Qu’on le sache, depuis le premier, l’Africain déporté sur les terres lointaines farouchement hostiles est un survivant, un résistant. Dans l’ensemble des territoires où les esclaves ont été déportés, il y a eu refus, fuite, refuge…. Le marronnage était à la fois l’outil et le mot d’ordre pour s’échapper du système plantationnaire. La volonté de retour des Africains déportés en Amérique, et de maintenir le lien avec l’Afrique ne s’est jamais tarie ; elle s’est matérialisée de différentes manières, sous la forme parfois d’expériences réelles et définitives de retour, d’échanges culturels, de projets musicaux. La littérature, le cinéma, le théâtre, les chants populaires en Amérique du nord, du sud, dans la Caraïbe expriment depuis toujours la séparation d’avec l’Afrique. Un mot du créole martiniquais résume cette blessure originelle : bless.
A quelques semaines de son départ du pouvoir, Macky Sall tire des limbes de la mémoire des archives administratives, le projet de construction d’un lieu d’hommage, de méditation et de réflexion" sur l’esclavage. Situé sur la corniche ouest de Dakar, tourné vers l’Amérique, le mémorial vise à resserrer le lien entre les Africains du continent et les Africains de la diaspora autour du souvenir de l’ignominie de la traite transatlantique dont les conséquences sont encore ressenties par les peuples noirs. Nous voulons souligner ici à la fois la nécessité pour l’Afrique de mieux connaissance cette partie d’elle-même éparpillée dans le monde ce afin d’établir des relations et de coopérer avec les États des Amériques.
Certes quelques États modernes africains ont formulé des excuses aux descendants des déportés pour la participation de certains royaumes à l’esclavage. D’autres accordent la citoyenneté à leurs descendants. Certes des pays africains font des appels du pied aux Haïtiens, Jamaïcains, Trinidadiens, Martiniquais, Barbadiens et autres Brésiliens et encouragent le retour au pays des ancêtres. Des ministres et hauts responsables africains fréquentent de manière timide l’espace caribéen à la recherche des débouchés commerciaux. Les politiques culturelles nationales engagées ça et là en Afrique de l’ouest singulièrement, se font à rude concurrence des mémoires dans le seul but d’attirer un tourisme venant particulièrement des Amériques.

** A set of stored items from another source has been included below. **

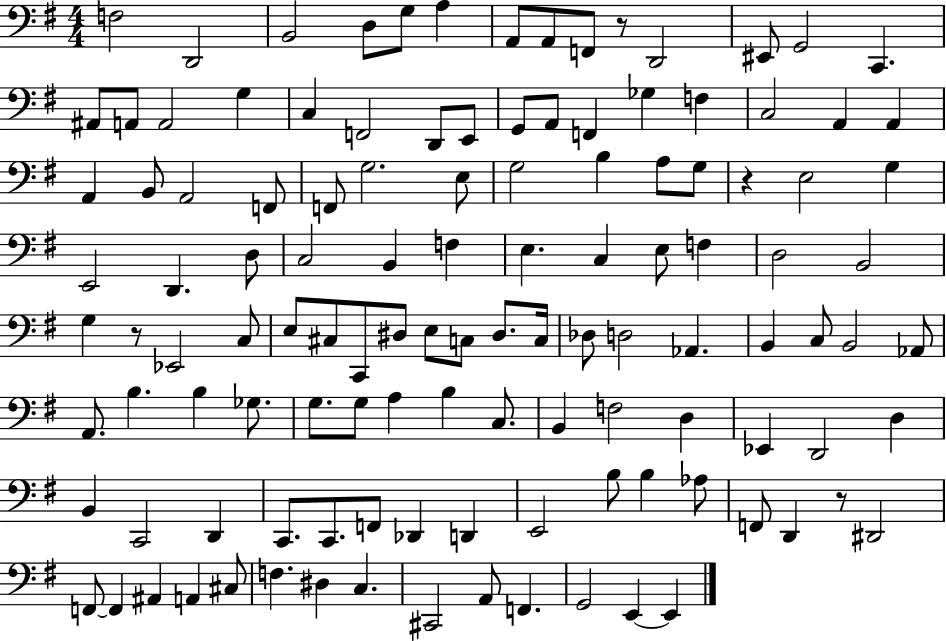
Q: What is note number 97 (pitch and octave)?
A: B3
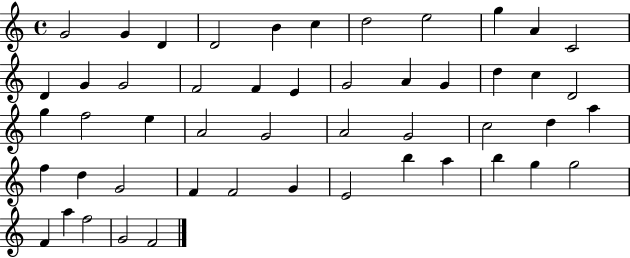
G4/h G4/q D4/q D4/h B4/q C5/q D5/h E5/h G5/q A4/q C4/h D4/q G4/q G4/h F4/h F4/q E4/q G4/h A4/q G4/q D5/q C5/q D4/h G5/q F5/h E5/q A4/h G4/h A4/h G4/h C5/h D5/q A5/q F5/q D5/q G4/h F4/q F4/h G4/q E4/h B5/q A5/q B5/q G5/q G5/h F4/q A5/q F5/h G4/h F4/h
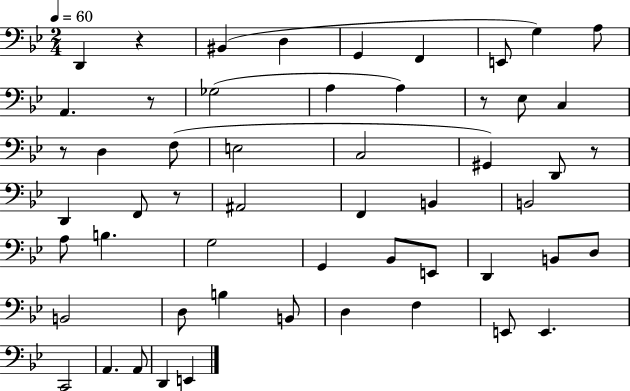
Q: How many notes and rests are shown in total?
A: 54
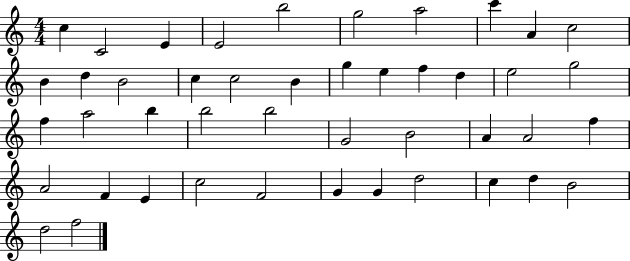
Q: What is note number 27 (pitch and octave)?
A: B5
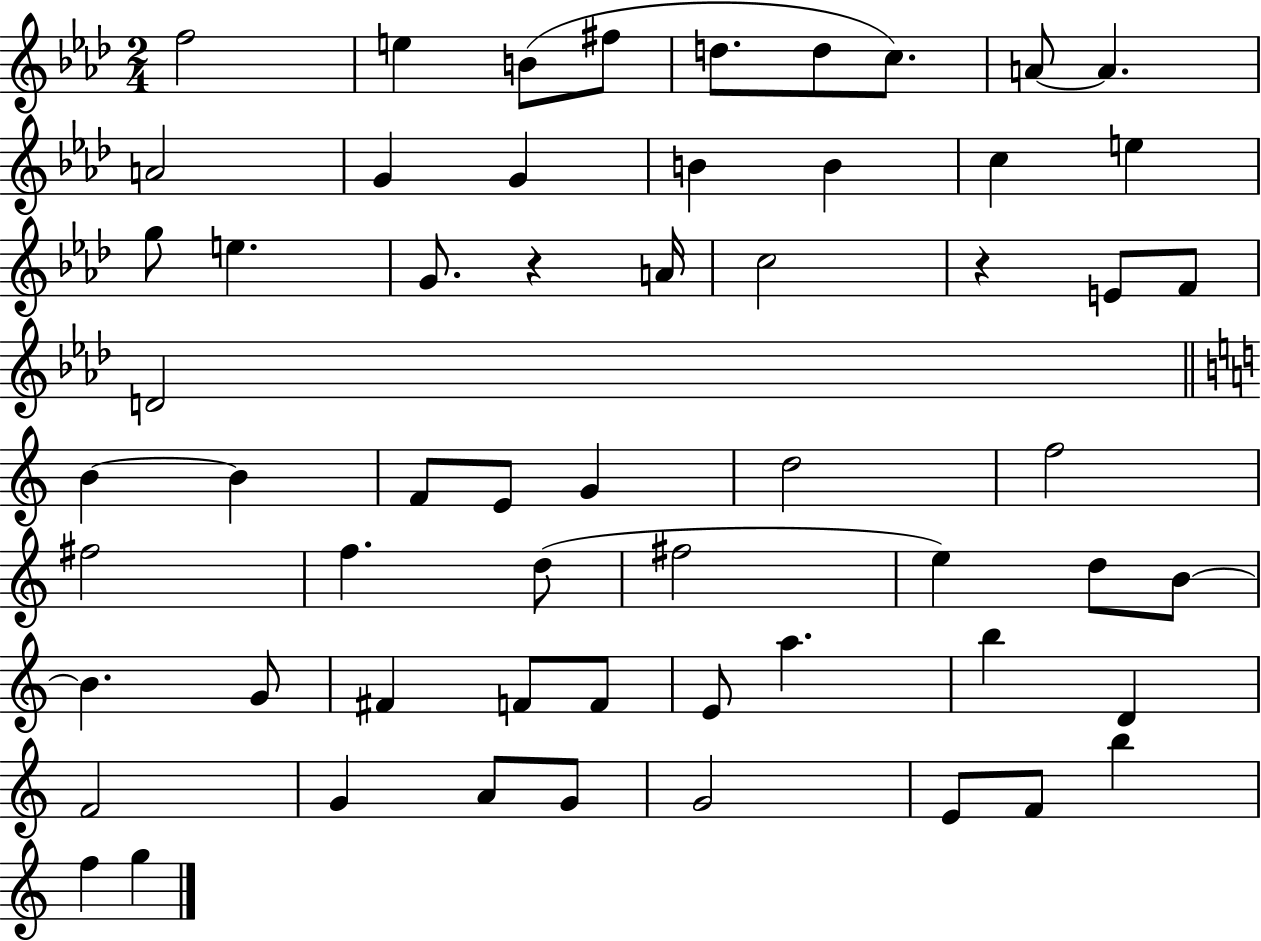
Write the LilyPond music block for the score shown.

Mais quel pays africain a manifesté le souhait d’implanter un Mémorial en l’honneur des ancêtres qui ont été déportés ? Comment matérialiser l’absent, celui qui n’a pas laissé de traces, l’être enfoui dans les mémoires de ceux et celles qu’il a quitté à jamais.
« Il y a une mémoire au-delà de la mémoire, c’est le traumatisme lié à l’esclavage », rappelait Césaire pour expliquer la genèse de sa création poétique et son théâtre fulgurant. Césaire fut de tous les temps, le plus illustre chantre de l’Afrique de son époque. Le descendant de déportés qu’il était s’orientait tous les jours en direction de la terre des ancêtres pour implorer les grands esprits. N’est -il pas équitable qu’un homme d’État africain qui incarne de nos jours l’ancêtre africain de Césaire honore, la mémoires de ses illustres descendants déportés dans les Amériques ?
Céline Labrune Badiane, historienne chercheuse est enseignante.
Adama Kouyaté dit Adams Kwateh est journaliste en Martinique.